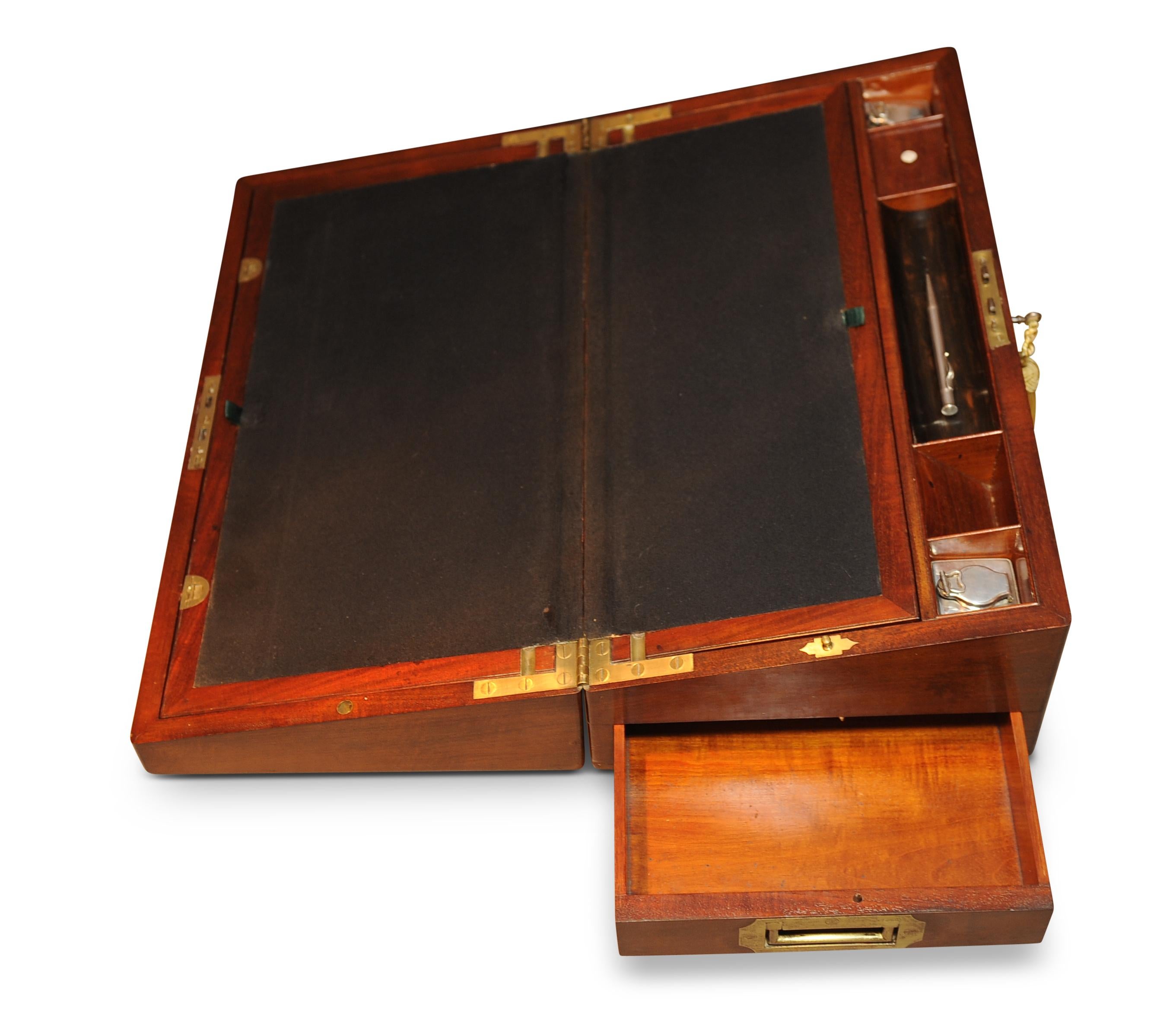 19th Century Mahogany Writing Slope Befit with a Pair of Inkwells by J J Mechi For Sale 7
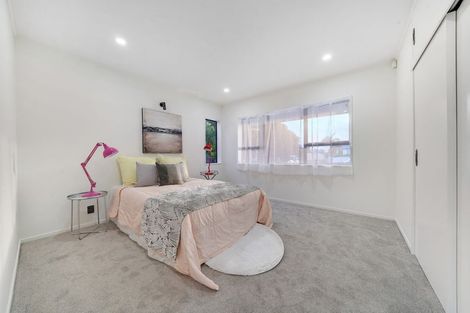 Photo of property in 1/554 Weymouth Road, Weymouth, Auckland, 2103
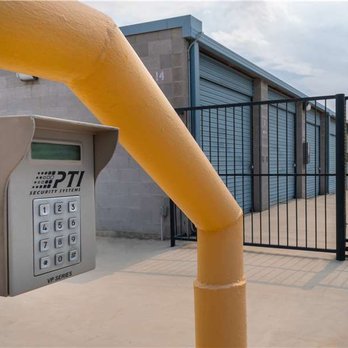 Extra Space Storage - Office - Self Storage Near Me - Hesperia, California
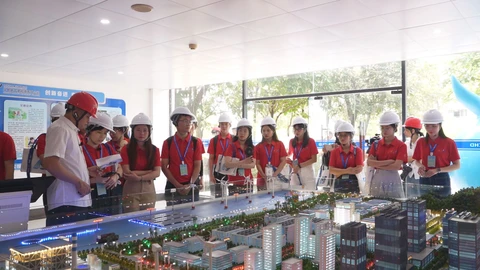 Thanh niên Việt Nam với hành trình khám phá sự phát triển năng lượng sạch tại Tập đoàn Hoa Điện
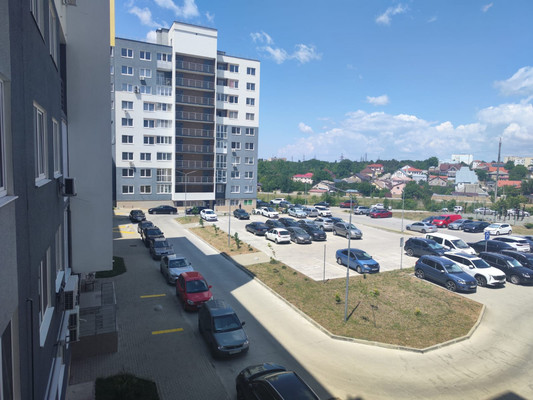 Продам двухкомнатную (2-комн.) квартиру, Парковая ул, 22, Молодежное пгт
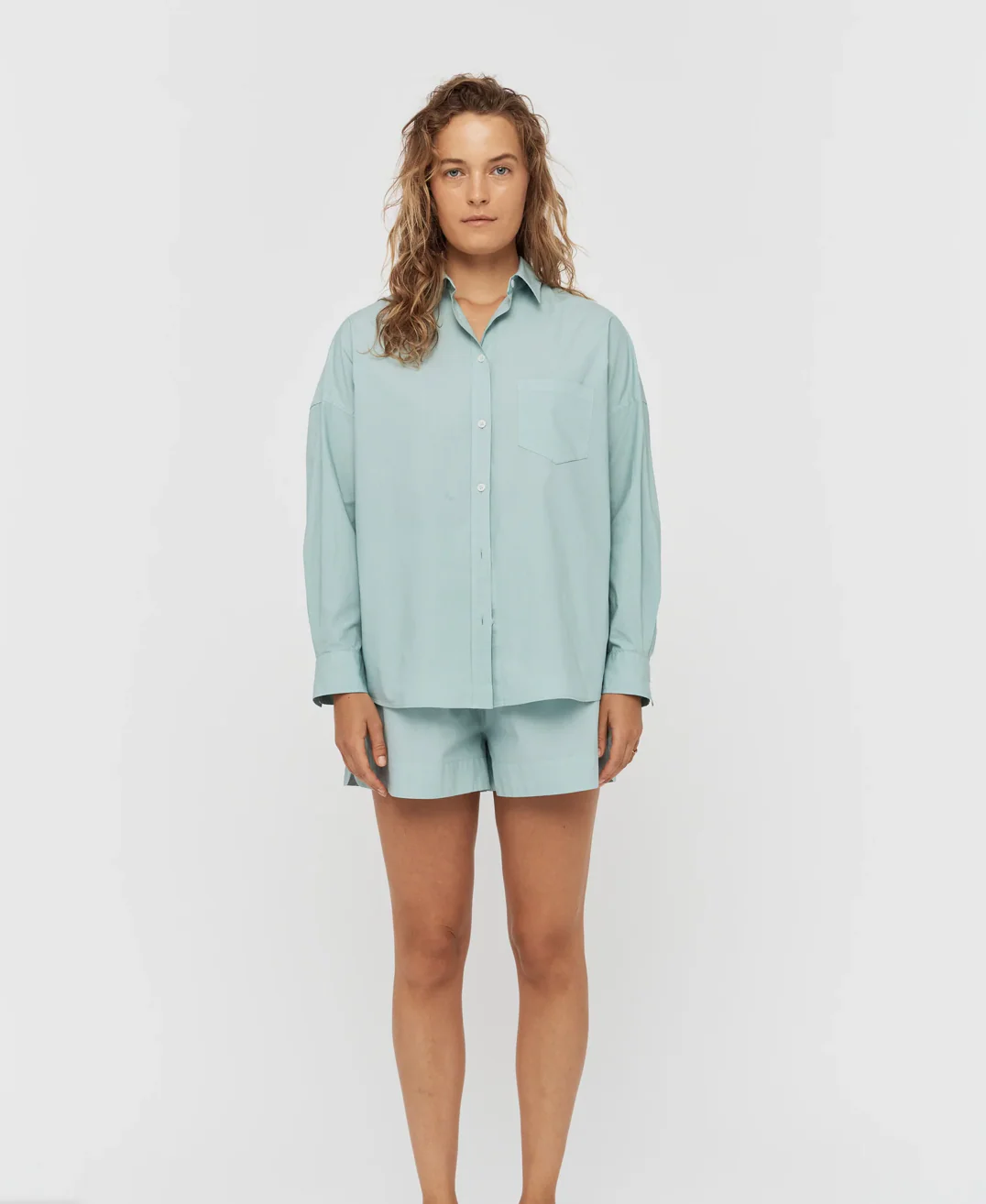LMND Chiara Classic Short WAS $130 - Image 9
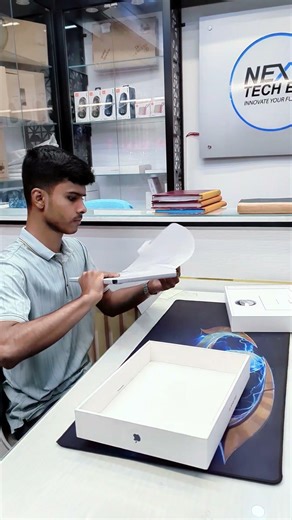 The NEW M5 MacBook Air is Here! (Midnight Unboxing)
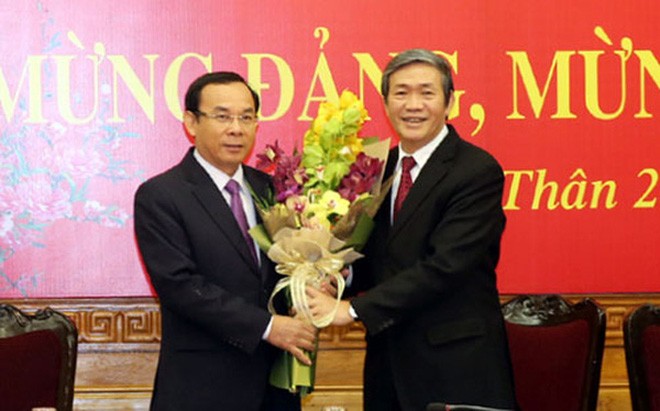 Thường trực Ban Bí thư Đinh Thế Huynh tặng hoa chúc mừng tân Chánh văn phòng Trung ương Đảng Nguyễn Văn Nên.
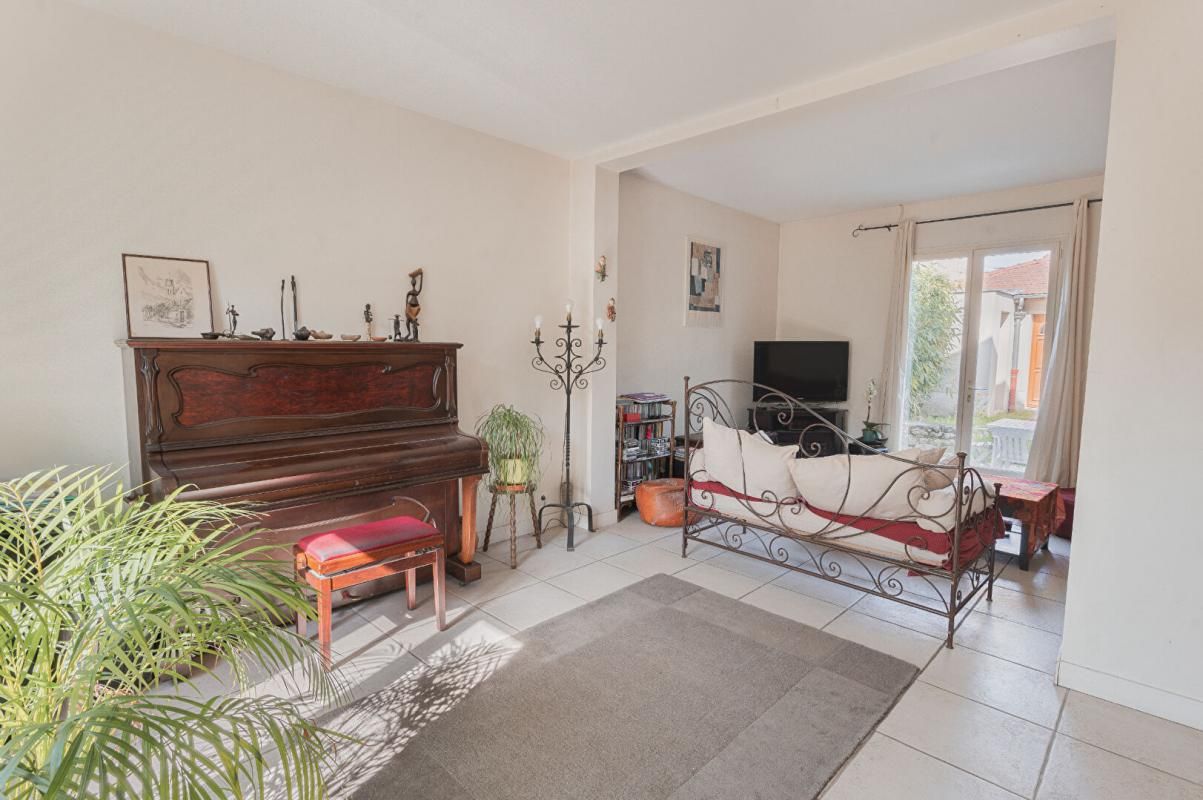 SAINT-MAUR-DES-FOSSES Maison Saint Maur Des Fosses 6 pièce(s) 135 m2 4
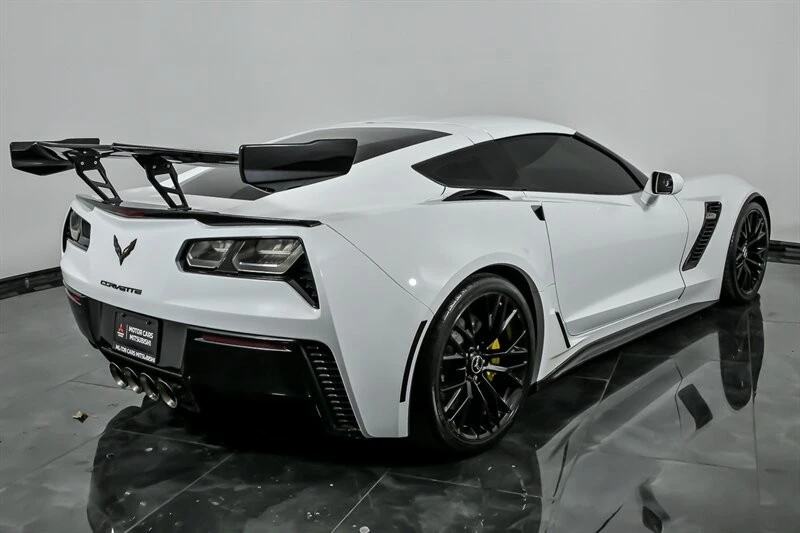 2015 Chevrolet Corvette C7 Z06 - Image 10 of 31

----------------

→ YOUR OBJECTIVE
Every line from the one that holds "LMND Chiara Classic Short WAS $130 - Image 9" to the end of the listing should be output exactly, with pictures left out, please.

→ ANSWER BOX
LMND Chiara Classic Short WAS $130 - Image 9
 The NEW M5 MacBook Air is Here! (Midnight Unboxing)
 Thường trực Ban Bí thư Đinh Thế Huynh tặng hoa chúc mừng tân Chánh văn phòng Trung ương Đảng Nguyễn Văn Nên.
 SAINT-MAUR-DES-FOSSES Maison Saint Maur Des Fosses 6 pièce(s) 135 m2 4
 2015 Chevrolet Corvette C7 Z06 - Image 10 of 31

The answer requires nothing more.